Moneybox

Why Are So Many People Getting M.A.s and M.F.A.s?

Until recently, I was primarily under the impression that the typical “adjunct” instructor was someone with a Ph.D. who’d failed to get a tenure track job. New Modern Language Association President Michael Bérubé says this isn’t true and wants people to stop repeating it:

As for that “glut of Ph.D.s” driving down NTT wages: I am beginning to get the sense that everyone and her brother believes that NTT faculty are made up of Ph.D.s who didn’t get TT jobs. Yes, of course, some of them are. But most of them are not.
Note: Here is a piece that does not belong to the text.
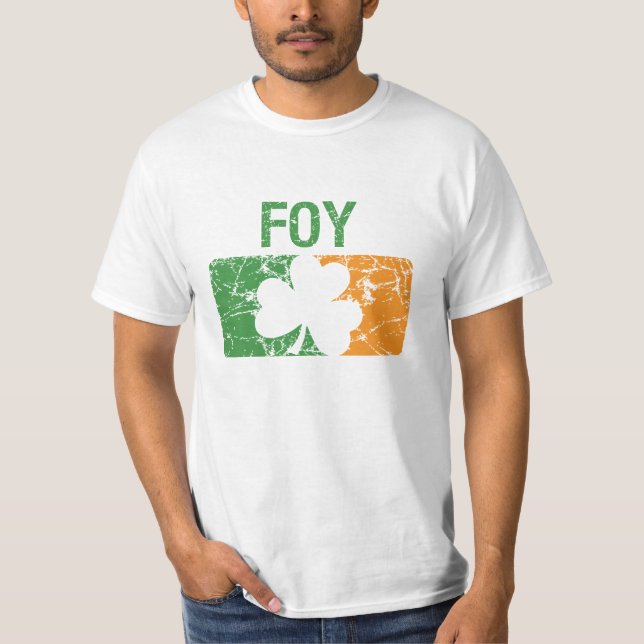 Camiseta Trevo do sobrenome de Foy (Frente)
Though it comes as a surprise to many people (it certainly surprised me), we are talking about two wholly distinct labor markets. The tenure-track market is national, and is populated mostly by Ph.D.s; the NTT market is local, and is populated chiefly by holders of the M.A. or M.F.A. So, once again with feeling:

“according to the 2004 National Study of Postsecondary Faculty, 65.2 percent of nontenure-track faculty members hold the M.A. as their highest degree—57.3 percent in four-year institutions, 76.2 percent in two-year institutions. There are many factors affecting the working conditions of adjuncts, but the production of PhDs isn’t one of the major ones.”

This is an important point, but it seems to just push the question at issue back one stage. Rather than universities overproducing Ph.D.s based on overpromising to prospective Ph.D. candidates about their likely career outlook, it seems that universities are overproducing M.A.s and M.F.A.s based on overpromising to prospective MA students about their likely career outlook. University humanities departments are a funny kind of labor market, because they’re in the business of producing a product (people with advanced degrees in the humanities) of which they are also the only substantial purchasers. Tenure-track professors are concerned about the low wages and poor working conditions of nontenure-track faculty for both self-interested and altruistic reasons, but the situation seems clearly driven by a high supply of people qualified for nontenure-track teaching positions—with the qualifications being handed out by departments controlled by tenure-track professors.

Another factor here is that the United States is strangely restrictive about who’s allowed to teach in K-12 schools. A freshly minted M.F.A. from Yale would generally be allowed to teach university-level courses but not to teach high school English in Connecticut.